Excluding every picture, print exactly the lines from the one containing "El hemiciclo de" through the end of the material below, both ends included.
[Provided material]
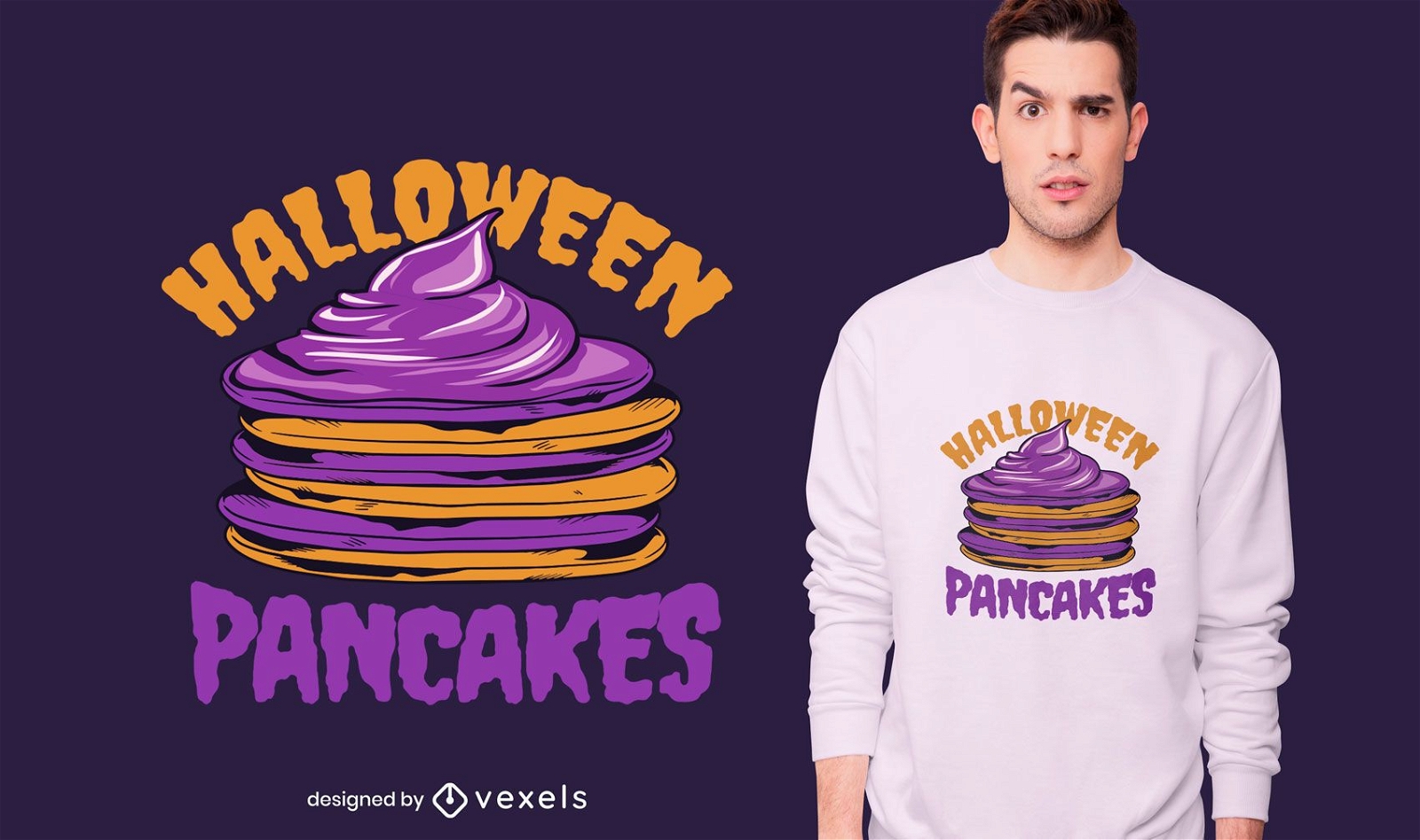 Halloween Pfannkuchen T-Shirt Design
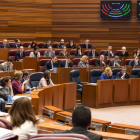 El hemiciclo de las Cortes, durante una votación. r. garcía
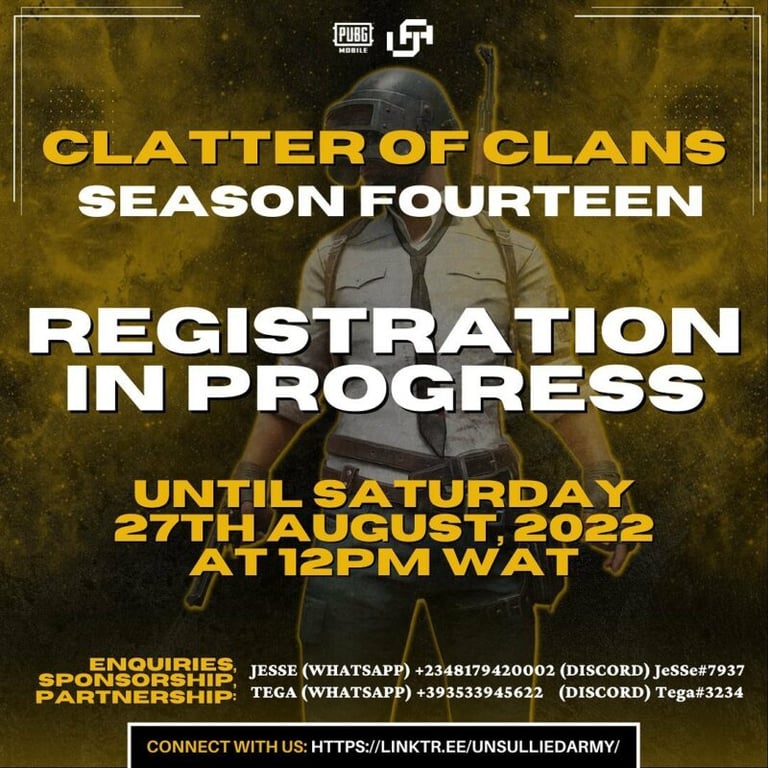 Clatter of CLANS (COC) Season 14 Registration Ongoing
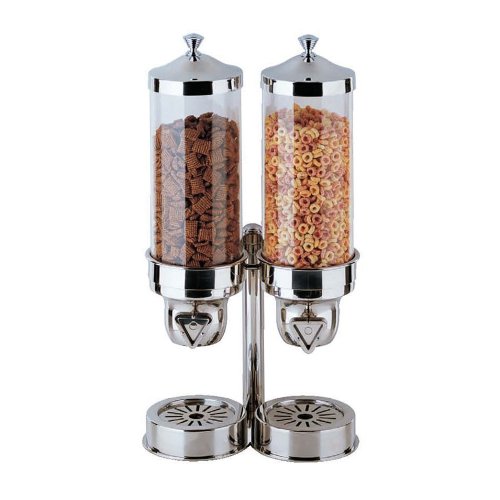 Buffet Enhancements 15.5 Cup Double Stainless Steel Cereal Dispenser
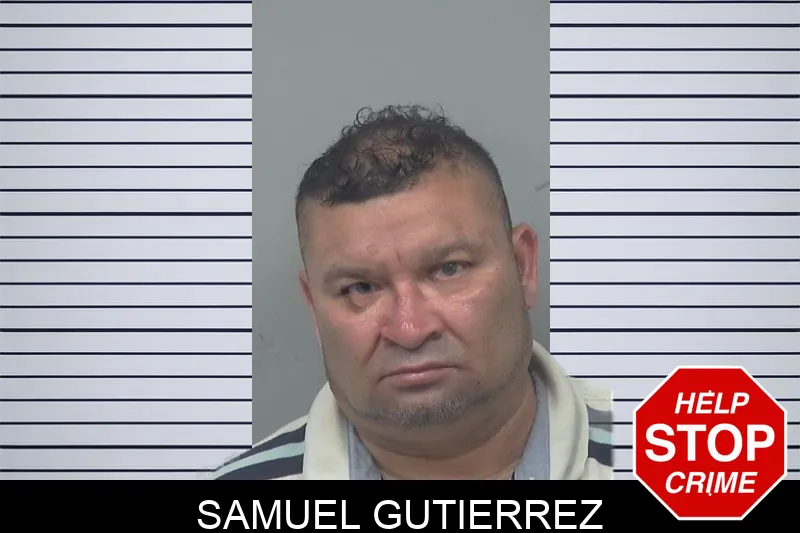Samuel Gutierrez mugshot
[/Provided material]
## Result of the task
 El hemiciclo de las Cortes, durante una votación. r. garcía
 Clatter of CLANS (COC) Season 14 Registration Ongoing
 Buffet Enhancements 15.5 Cup Double Stainless Steel Cereal Dispenser
Samuel Gutierrez mugshot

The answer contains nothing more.